Task statement: Leaving the pictures aside, reproduce the data in full and word for word.

── Data under study ──

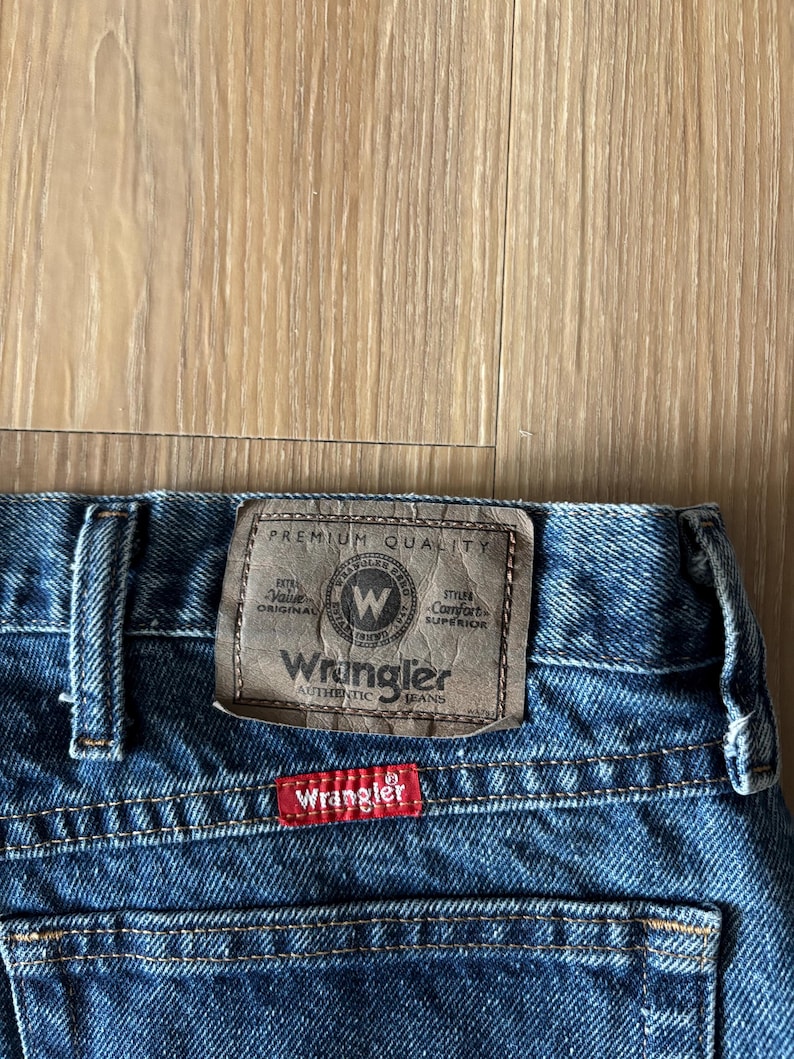May include: Close-up of blue denim Wrangler jeans. The jeans feature a brown leather patch with the Wrangler logo and text. A red tag with the Wrangler logo is sewn on the back pocket. The jeans are made of durable denim.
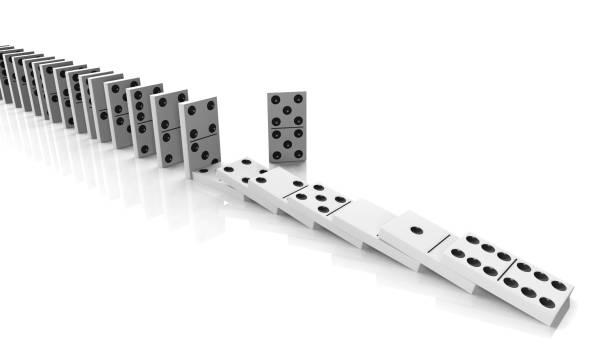 istock White domino tiles falling in a row with some standing, isolated on white 1011906316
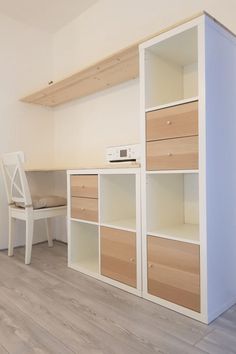 an empty room with white and wood furniture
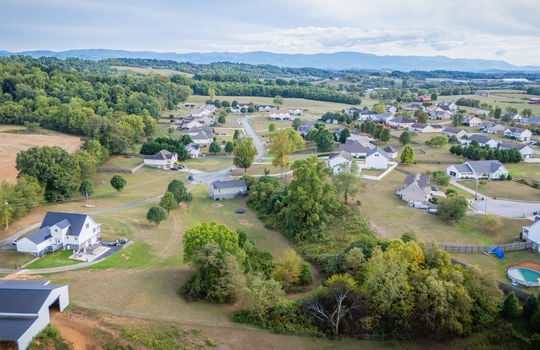 aerial view from back of property, back yard, trees, split level home, neighboring homes, neighborhood, mountains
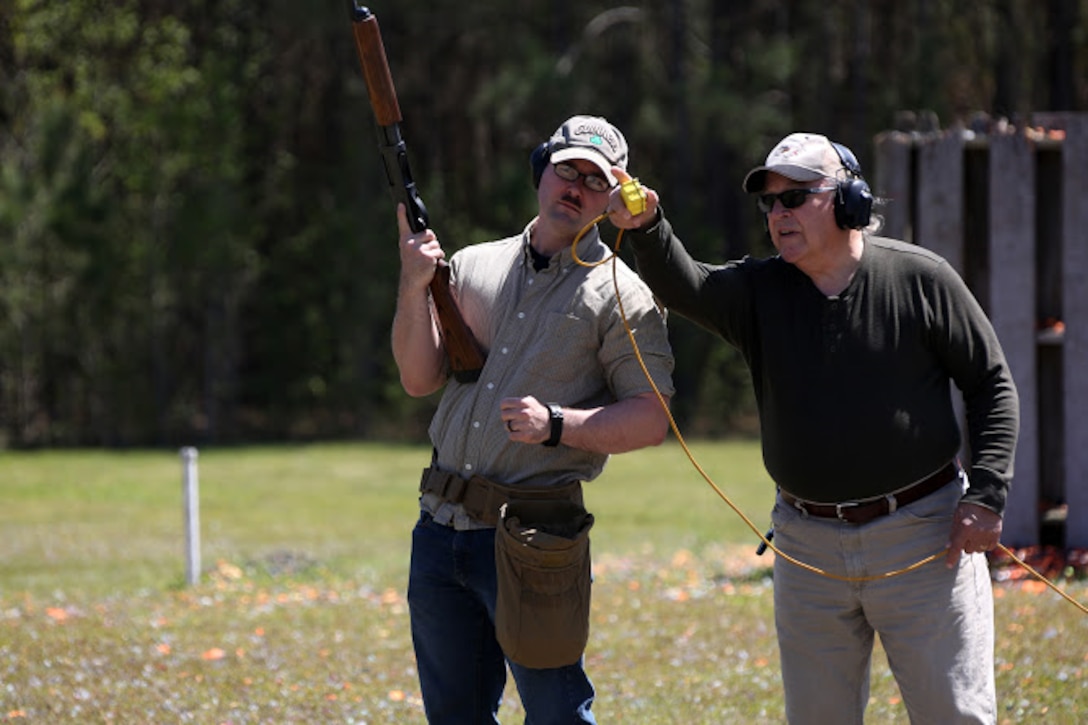 Cpl. Stephen Gomes (left) receives guidance from Kevin Driscoll during a trap and skeet range at Marine Corps Air Station Cherry Point, N.C., April 14, 2016. Twenty Marines with 2nd Low Altitude Air Defense Battalion’s Firearms Mentorship Program utilized their marksmanship skills during the range as part of their firearms safety classes. The mentorship program promotes safe private gun ownership, builds confidence in marksmanship skills and increases Marines combat readiness by familiarizing them with other weapons. Gomes is a cyber-network operator with the battalion and Driscoll is the range safety officer with the MCAS Cherry Point Skeet Club. (U.S. Marine Corps photo by Cpl. N.W. Huertas/ Released)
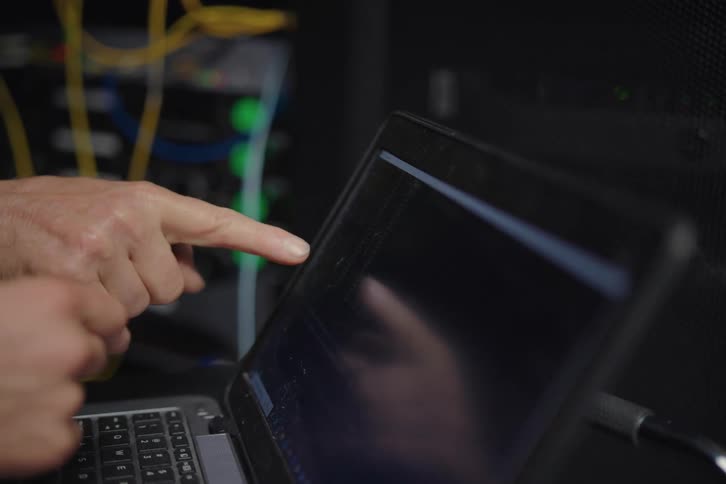 A shallow depth-of-field close-up shot of two IT technicians' hands pointing at server cables before rack focusing to them diagnosing the issue on a laptop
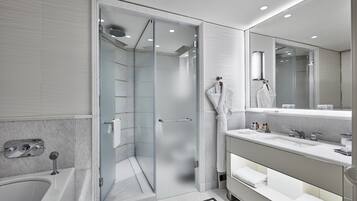Un baño moderno con cabina de ducha de vidrio, bañera y tocador con un espejo grande.
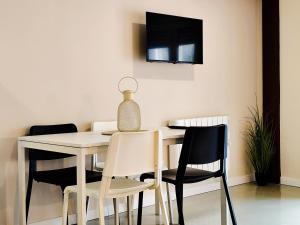 a white dining room table with chairs and a lamp at Apartamentos Loft Urdaibai Bermeo in Bermeo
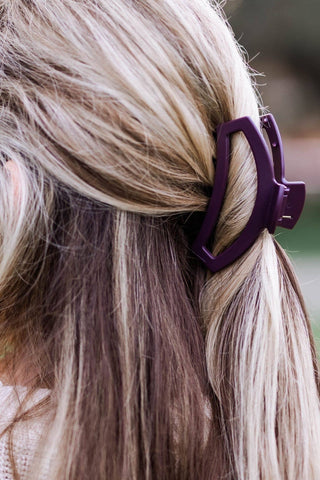 Woman's blonde hair styled in half-up ponytail secured with purple heart-shaped open hair clip.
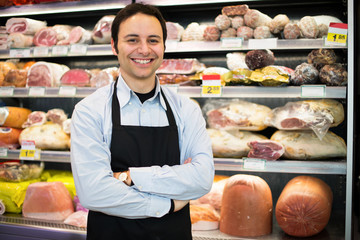 Smiling shopkeeper at work in a grocery store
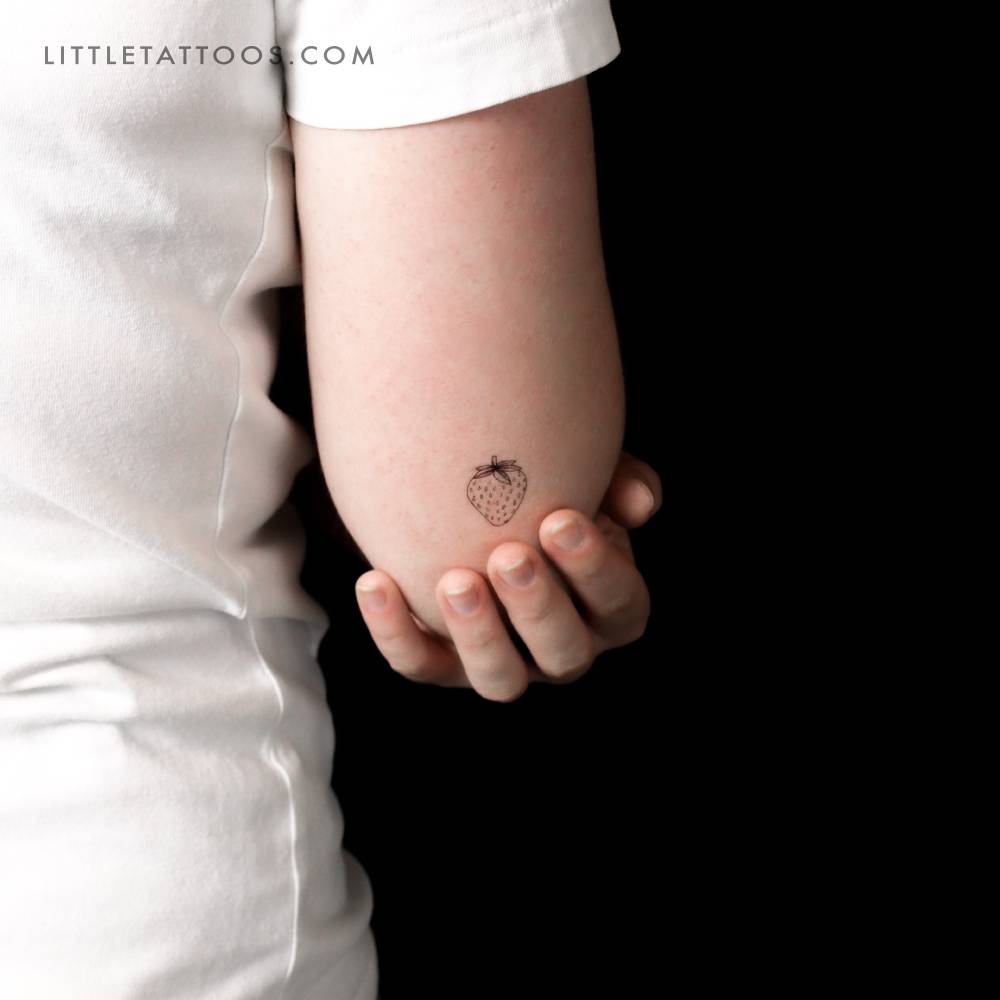 Strawberry temporary tattoo in fine line style.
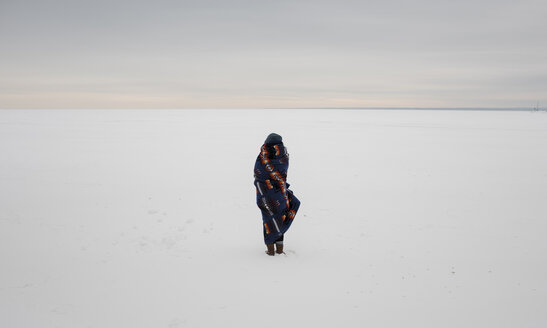 Rear view of woman wrapped in blanket standing on snow covered landscape against sky - CAVF51719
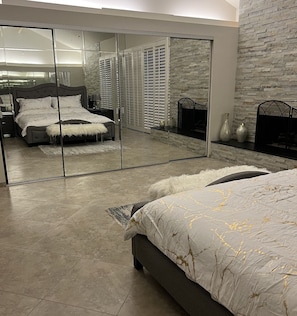 Une chambre avec un grand lit, un placard avec des portes miroir et un mur en pierre.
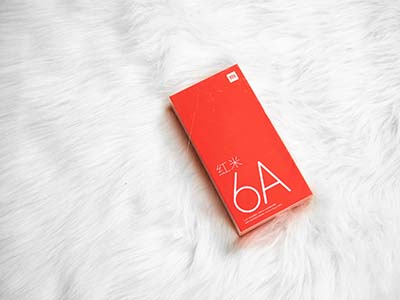 Cách đóng hộp của Redmi 6A khá quen thuộc với tông màu cam logo trắng.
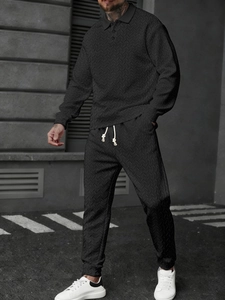 Detail of men's polo set showing herringbone knit texture and drawstring waist design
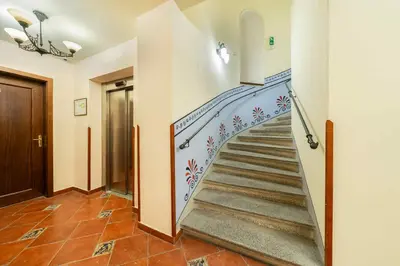 a staircase in a house with a painting on the wall at HOMELYI 28m2 Central studio with ELEVATOR and SELF CHECK-IN in Prague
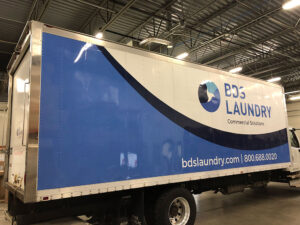 blue and white vinyl commercial truck wrap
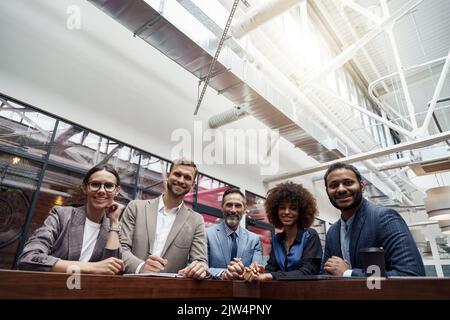Eine Gruppe von glücklichen, motivierten Geschäftsleuten, die im Büro mit ihrem Vorgesetzten zusammenstehen Stockfoto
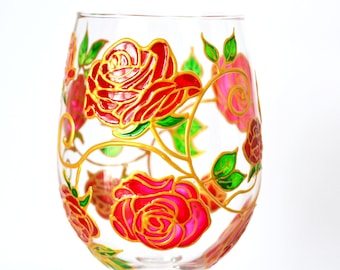 May include: A clear glass wine glass decorated with hand-painted red and pink roses featuring gold outlines. The design includes winding gold vines and vibrant green leaves that wrap around the exterior surface of the glass bowl.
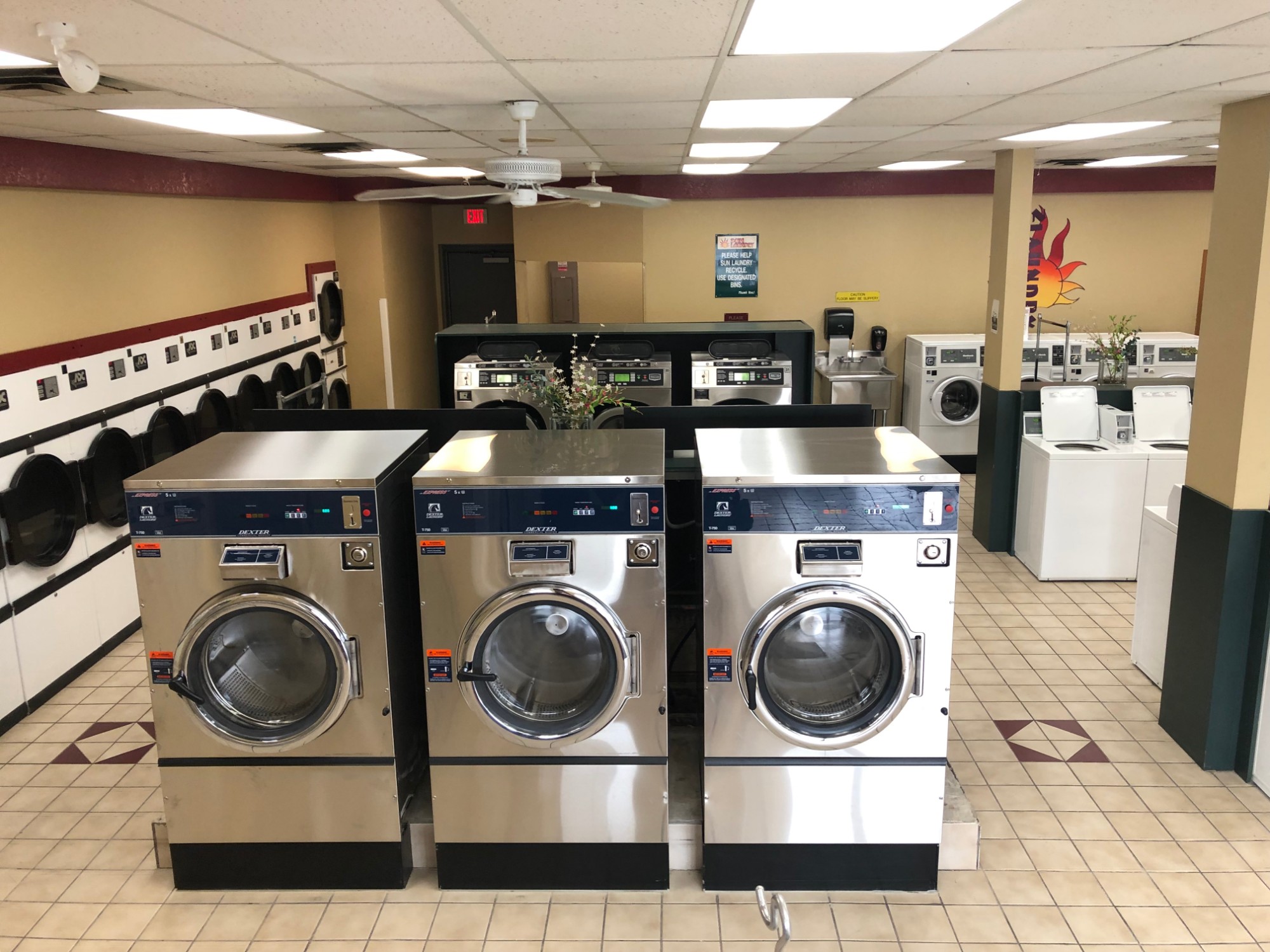 Three brand-new stainless steel giant washers at Sun Laundry Hartland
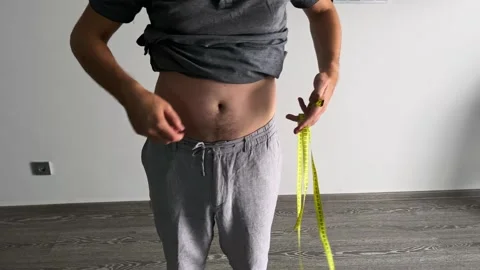 A man measures his abdominal volume with a measuring tape. Stock Footage 283924181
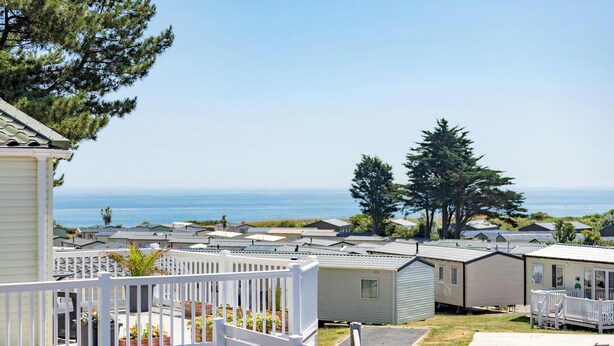 A row of mobile homes with a view of the ocean. - Chalet 11 at Landscove Holiday Park (Brixham)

───

Answer section:
May include: Close-up of blue denim Wrangler jeans. The jeans feature a brown leather patch with the Wrangler logo and text. A red tag with the Wrangler logo is sewn on the back pocket. The jeans are made of durable denim.
 istock White domino tiles falling in a row with some standing, isolated on white 1011906316
 an empty room with white and wood furniture
 aerial view from back of property, back yard, trees, split level home, neighboring homes, neighborhood, mountains
 Cpl. Stephen Gomes (left) receives guidance from Kevin Driscoll during a trap and skeet range at Marine Corps Air Station Cherry Point, N.C., April 14, 2016. Twenty Marines with 2nd Low Altitude Air Defense Battalion’s Firearms Mentorship Program utilized their marksmanship skills during the range as part of their firearms safety classes. The mentorship program promotes safe private gun ownership, builds confidence in marksmanship skills and increases Marines combat readiness by familiarizing them with other weapons. Gomes is a cyber-network operator with the battalion and Driscoll is the range safety officer with the MCAS Cherry Point Skeet Club. (U.S. Marine Corps photo by Cpl. N.W. Huertas/ Released)
 A shallow depth-of-field close-up shot of two IT technicians' hands pointing at server cables before rack focusing to them diagnosing the issue on a laptop
Un baño moderno con cabina de ducha de vidrio, bañera y tocador con un espejo grande.
 a white dining room table with chairs and a lamp at Apartamentos Loft Urdaibai Bermeo in Bermeo
 Woman's blonde hair styled in half-up ponytail secured with purple heart-shaped open hair clip.
 Smiling shopkeeper at work in a grocery store
 Strawberry temporary tattoo in fine line style.
 Rear view of woman wrapped in blanket standing on snow covered landscape against sky - CAVF51719
 Une chambre avec un grand lit, un placard avec des portes miroir et un mur en pierre.
 Cách đóng hộp của Redmi 6A khá quen thuộc với tông màu cam logo trắng.
 Detail of men's polo set showing herringbone knit texture and drawstring waist design
 a staircase in a house with a painting on the wall at HOMELYI 28m2 Central studio with ELEVATOR and SELF CHECK-IN in Prague
 blue and white vinyl commercial truck wrap
Eine Gruppe von glücklichen, motivierten Geschäftsleuten, die im Büro mit ihrem Vorgesetzten zusammenstehen Stockfoto
 May include: A clear glass wine glass decorated with hand-painted red and pink roses featuring gold outlines. The design includes winding gold vines and vibrant green leaves that wrap around the exterior surface of the glass bowl.
 Three brand-new stainless steel giant washers at Sun Laundry Hartland
 A man measures his abdominal volume with a measuring tape. Stock Footage 283924181
 A row of mobile homes with a view of the ocean. - Chalet 11 at Landscove Holiday Park (Brixham)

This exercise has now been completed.